(Beginning of Source data)
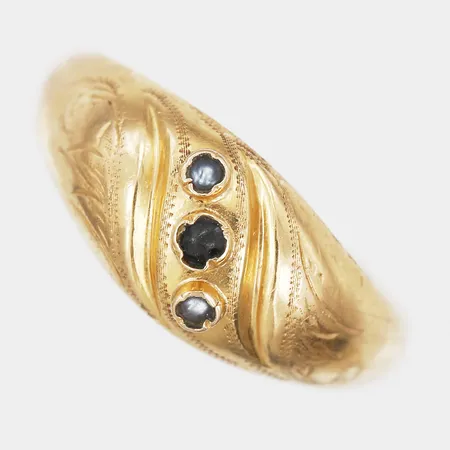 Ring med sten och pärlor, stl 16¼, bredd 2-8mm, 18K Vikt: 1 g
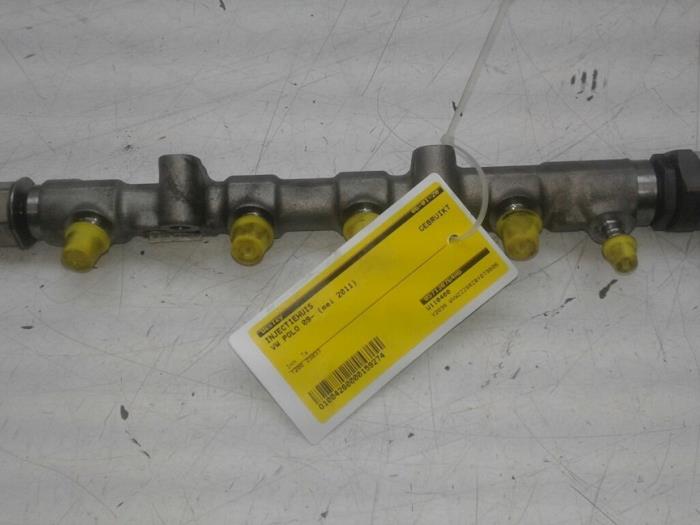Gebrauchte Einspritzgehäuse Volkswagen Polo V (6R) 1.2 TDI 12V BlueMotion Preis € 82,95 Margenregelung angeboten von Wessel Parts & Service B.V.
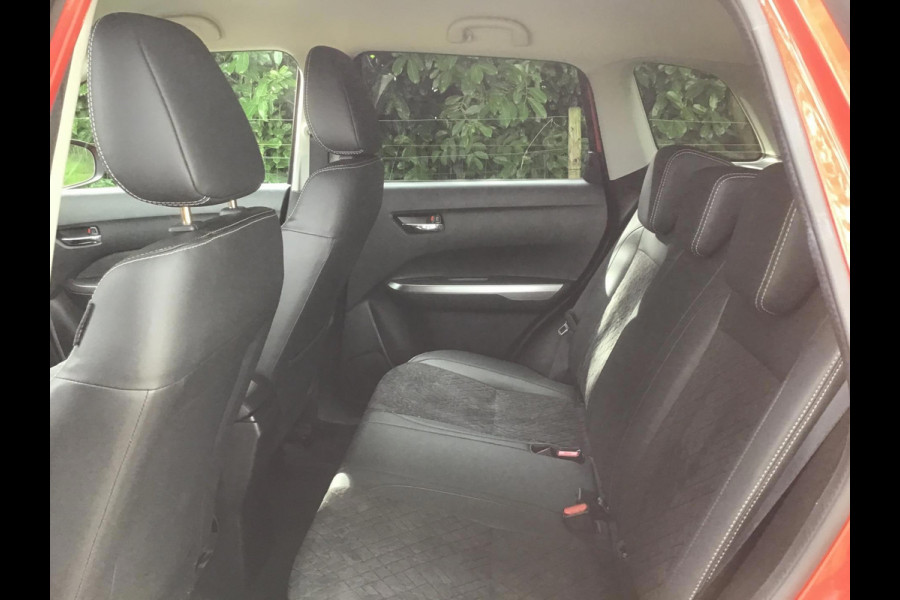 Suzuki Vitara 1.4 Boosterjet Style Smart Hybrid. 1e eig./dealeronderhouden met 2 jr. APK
(End of Source data)
(Beginning of Source data)
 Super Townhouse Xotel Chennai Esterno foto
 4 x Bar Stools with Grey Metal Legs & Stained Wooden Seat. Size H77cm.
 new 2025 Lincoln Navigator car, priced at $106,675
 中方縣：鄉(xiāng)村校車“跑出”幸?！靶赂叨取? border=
(End of Source data)
Task requirements: For this task, return exactly the stretch of the listing above from the line with "Gebrauchte Einspritzgehäuse Volkswagen" through the line with "Suzuki Vitara 1.4", inclusive and without pictures.

Completed task:
Gebrauchte Einspritzgehäuse Volkswagen Polo V (6R) 1.2 TDI 12V BlueMotion Preis € 82,95 Margenregelung angeboten von Wessel Parts & Service B.V.
 Suzuki Vitara 1.4 Boosterjet Style Smart Hybrid. 1e eig./dealeronderhouden met 2 jr. APK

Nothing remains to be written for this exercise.